_What is expected_
Using the records below, copy exactly the part that opens with the line holding "Red Octopus Kraken" and closes with the line holding "MSGM camicia cropped in taffetà", minus the pictures.

_Information shown_
◇ ◇ ◇ ◇ ◇

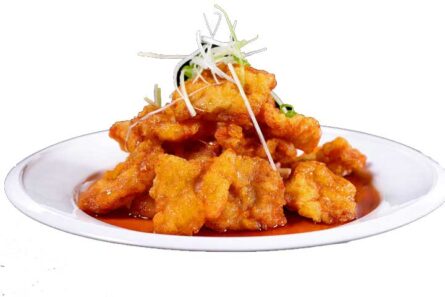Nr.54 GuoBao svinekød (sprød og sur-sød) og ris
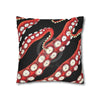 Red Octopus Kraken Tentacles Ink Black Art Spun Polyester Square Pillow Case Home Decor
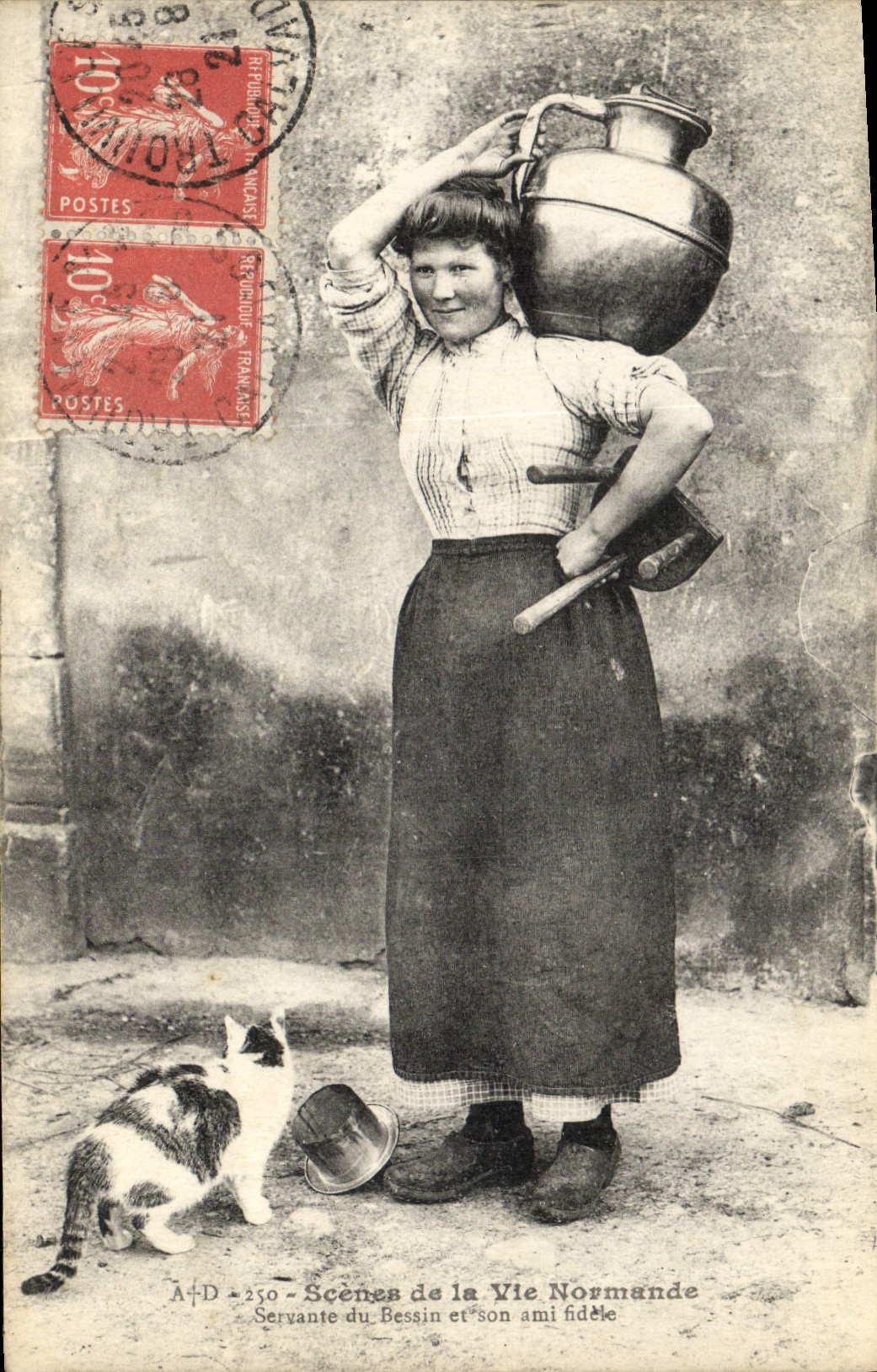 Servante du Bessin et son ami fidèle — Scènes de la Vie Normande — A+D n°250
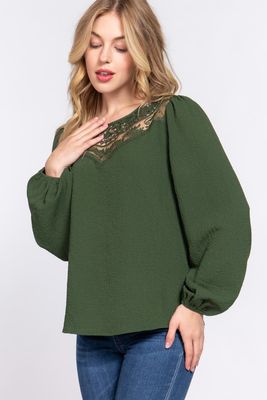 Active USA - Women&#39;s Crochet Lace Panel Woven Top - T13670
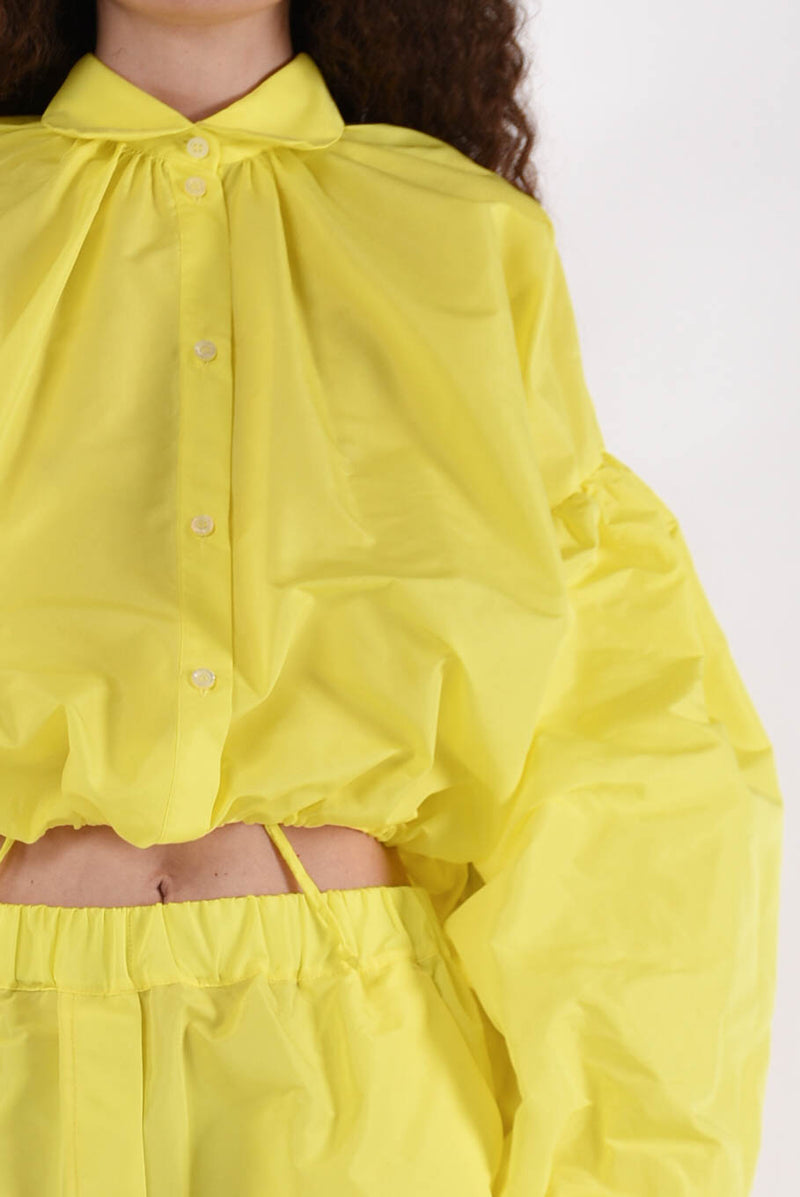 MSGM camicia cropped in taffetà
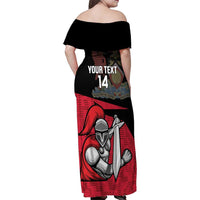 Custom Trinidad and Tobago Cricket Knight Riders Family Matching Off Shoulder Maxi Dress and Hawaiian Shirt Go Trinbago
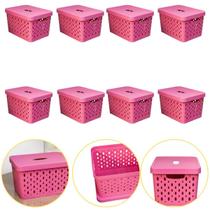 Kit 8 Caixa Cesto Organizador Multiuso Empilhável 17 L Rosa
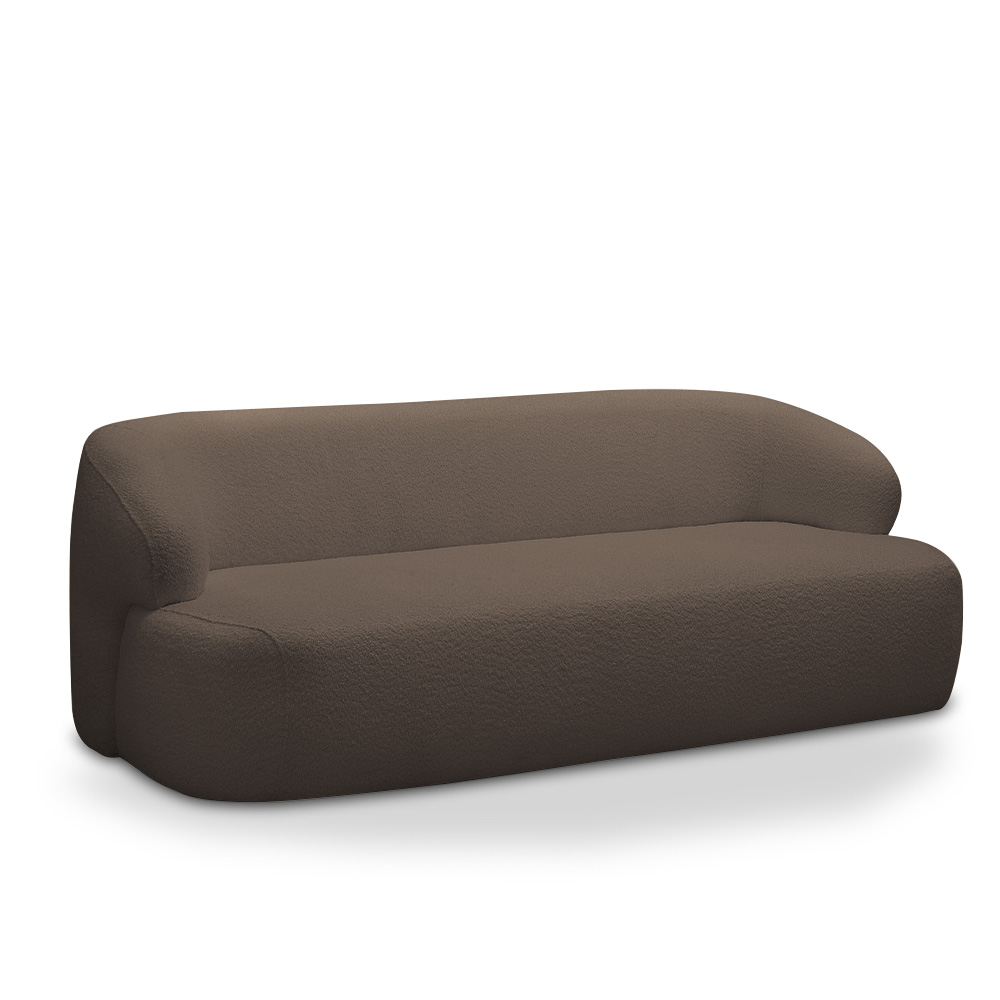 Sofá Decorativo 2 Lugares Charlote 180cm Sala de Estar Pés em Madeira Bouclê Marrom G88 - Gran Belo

◇ ◇ ◇ ◇ ◇

_Answer to the problem_
 Red Octopus Kraken Tentacles Ink Black Art Spun Polyester Square Pillow Case Home Decor
 Servante du Bessin et son ami fidèle — Scènes de la Vie Normande — A+D n°250
 Active USA - Women&#39;s Crochet Lace Panel Woven Top - T13670
 MSGM camicia cropped in taffetà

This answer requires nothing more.